It's not widely known, but the landmass of Lewis and Harris - different communities divided for centuries by a mountain barrier, and still dubbed different isles - is the biggest offshore island in Britain, bigger even than Skye, Mull, Islay, or that matter the Isle of Man or the Isle of Wight. Strongly coloured by its Viking inheritance - most of the placenames in Lewis are Norse; you'll actually find more Gaelic placenames in Fife - Lewis was the strongholds of MacLeod chiefs and MacLeod is still the commonest surname in the island.
The scenery of Lewis is rolling, eerie but subtly beautiful, especially when the sun shines down on the brindled moors between scudding clouds. Though not as treeless as people think, the acres of empty, mysterious heath extend everywhere. There is some spectacular cliff scenery and, especially up Broad Bay and down the West Side from Ness to Uig, there are some gorgeous sandy beaches and, here and there - like Shawbost - stretches of sandy sward, machair, where the lime-rich soil bears millions of lovely flowers on the long, long summer days.
25 South Shawbost is ideally placed for wider afternoon or daytrips round the island or even to Harris in the south - there is now an excellent two-lane road to Tarbert, not much more than an hour away. Don't miss, especially, a ploy to Ness and the Butt of Lewis Lighthouse, or the splendid scenery of quiet, mountainous Uig.
There are famous local attractions near at hand - the Standing Stones of Callanish, and the Broch at Carloway - each has a visitor centre, open throughout the tourist season - and the restored Black House Village at Garenin, with a visitor-centre, working black house, and restaurant.
Not ten minutes drive to the north, do visit the Arnol Black House complex, and its adjoining visitor centre - this particular Black House was vacated by its family only in 1964, but some survived on Lewis, and even in Shawbost, into the 1980s. At Ballantrushal, there is a tall, faintly spooky Standing Stone whose origins and purpose are still obscure; a little further up the road, at Shader, is the Steinaclet steading, which predates even the Norsemen.
Stornoway is just half an hour or so from Shawbost and, as well as its famous natural harbour and a fascinating museum, boasts an excellent selection of shops as well as restaurants, galleries and exhibitions and all the amenities one would expect of the biggest town in the Hebrides and, indeed, anywhere on the west coast north of Fort William.
There are two large supermarkets - indeed, Stornoway's modern Co-op, opened in 1996 and enlarged a decade later, is their biggest in Scotland. Don't neglect traditional traders, though - Stornoway has several craftsman baking shops, and fresh fish and shellfish are easily had from excellent fishmongers. The town kippers and smoked mackerel are just praised, but probably the most famous delicacy is Stornoway black pudding, produced by several family butchers to traditional, jealously guarded recipes.
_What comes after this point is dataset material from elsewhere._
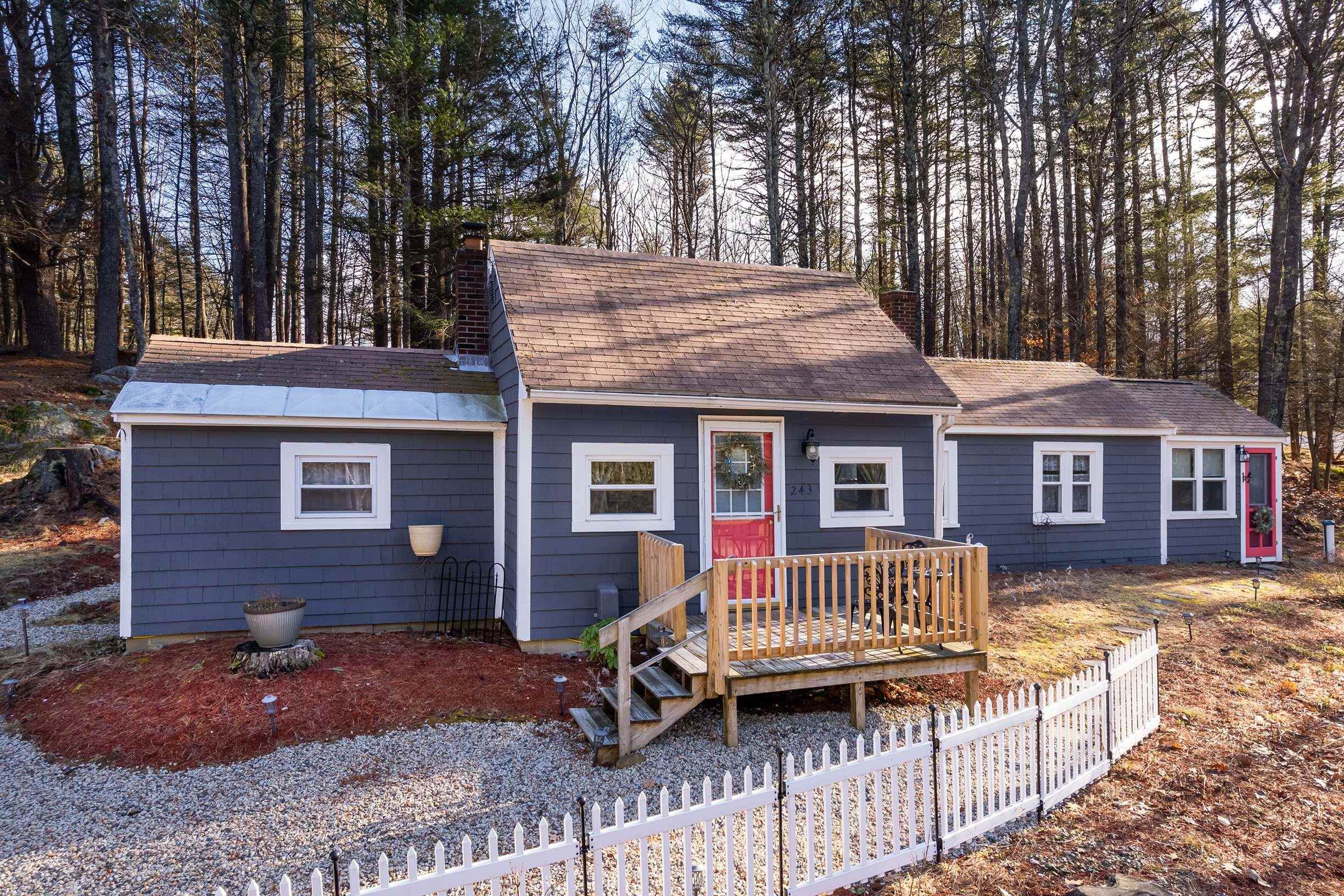 243 Clay Hill Road York, ME 03902 - Photo 1 of 20 Gallery Image 1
Don't leave the island, either, without buying some Harris Tweed - the traditional, homewoven island cloth of incredible wearing quality and subtle, rustic hues. To this day - and to win the coveted Orb mark that attests the fabric as Harris Tweed - it must be handwoven by islanders in their own homes, and tweed is still woven in Shawbost today.
There is an excellent local bus service, but please remember that virtually all local facilities are closed on Sundays and that the Lord's Day is still widely respected on our island.